Members of LADB hearing committee No. 8 recommended that the Louisiana Supreme Court suspend Bateman for a year and a day, with all but 90 days deferred, and place her on a year's conditional probation, according to the committee's 10-page recommendation. Conditions of Bateman's probation would include completion of the judges and lawyers assistance program one-day interdisciplinary inpatient assessment, according to the recommendation.
The recommendation was signed Aug. 14 by committee chair Terrance A. Prout and was issued eight days later. Attorney member Darryl J. Foster and public member Vickie E. Shreves concurred in the recommendation.
Bateman was admitted to the bar in Louisiana on Oct. 28, 2005, according to her profile at the Louisiana State Bar Association’s website. No prior discipline before the state bar is listed in Bateman's profile and a search of the LADB's online database of disciplinary decisions and rulings.

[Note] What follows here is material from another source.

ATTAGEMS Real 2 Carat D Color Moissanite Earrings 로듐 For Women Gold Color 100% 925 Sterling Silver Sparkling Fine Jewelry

Allegations against Bateman stem from her vehicle being found crashed into a utility pole on Veterans Memorial Boulevard in Jefferson Parish late at night in February 2018, according to the recommendation. Bateman's 9-year-old daughter was in the vehicle at the time, according to recommendation.
After "she performed poorly" in a field sobriety test, Bateman was arrested on charges of driving while intoxicated, failure to maintain control and having an expired registration certificate. A breathalyzer exam turned up a blood alcohol content of .117, nearly one and a half times the legal limit, the recommendation notes.
Bateman later completed the Jefferson Parish District Attorney's Office diversionary program for first offense DUI, according to the recommendation.
During disciplinary proceedings, Bateman was alleged to have violated professional conduct rules, including those regarding committing a criminal act and knowingly engaging in conduct involving dishonestly, fraud, deceit or misrepresentation.